Noongar Radio 100.9 FM
- Perth, Western Australia; Australia;
- Broadcast area: Perth metropolitan region
- Frequency: 100.9 MHz
- Branding: Sounds Solid

Programming
- Languages: English, Noongar
- Format: Indigenous talk and music
- Affiliations: First Nations Media Australia, Community Broadcasting Association of Australia

Ownership
- Owner: Kuditj Pty Ltd.

History
- First air date: 5 July 2008

Links
- Website: www.noongarradio.com

= Noongar Radio 100.9 =

Noongar Radio 100.9 FM is an Aboriginal community radio station in Perth, Western Australia.

The station is the only Indigenous radio station in the Perth metropolitan region and promotes itself as a voice to the local Indigenous community, the Noongar people, First Nations people living in Perth, and non-Indigenous community members.

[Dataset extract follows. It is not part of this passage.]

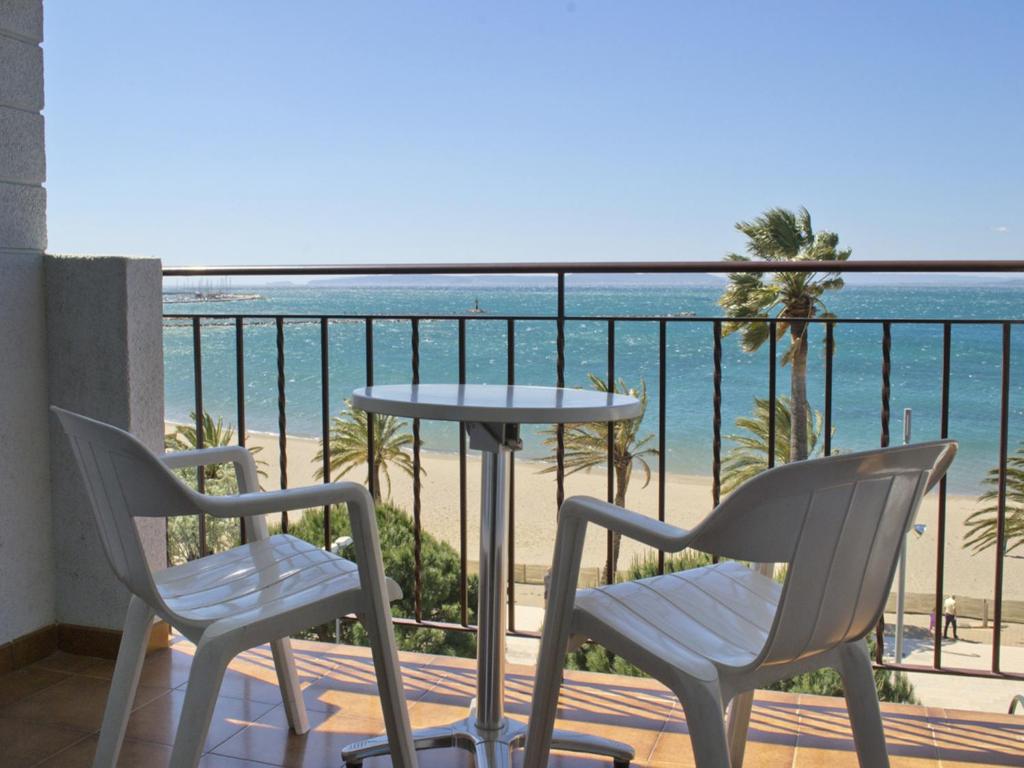 hotel parc primera línea de playa roses cataluña vistas al mar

In January 2008 the Australian Communications and Media Authority allocated a broadcasting licence for 100.9 MHz to Peedac Pty Ltd. The callsign 6NME refers to the initials of Noongar Media Enterprises, then a Peedac subsidiary.

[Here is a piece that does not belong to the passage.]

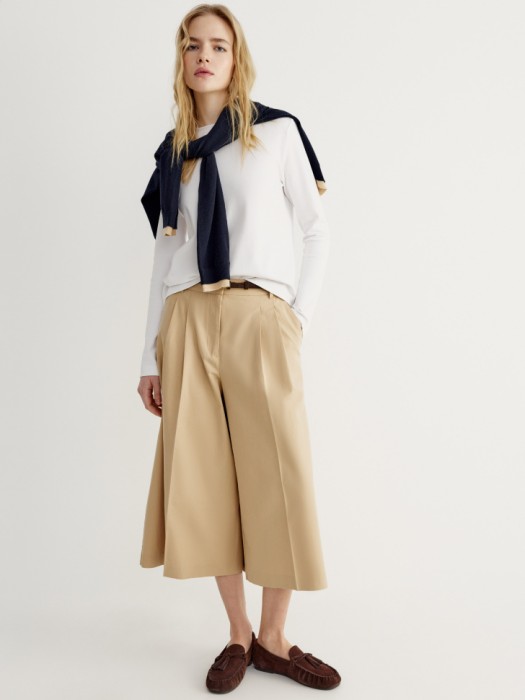 базовый лонгслив из интерлока от бренда sela вид слева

The station's intended market is the local Indigenous community and those interested in Indigenous culture and affairs.

== History ==
What would become Noongar Radio started as a segment on radio station 6NR at the Western Australian Institute of Technology in 1979.

The Western Australian Aboriginal Media Association was granted a community broadcasting licence in 1992, launching Noongar Radio. The license was revoked in 2006 following a number of complaints to the broadcasting regulator.

Noongar Radio was relaunched on 100.9 FM on Sunday 5 July 2008 after being granted a community radio licence under a new subsidiary, PEEDAC, now Kuditj.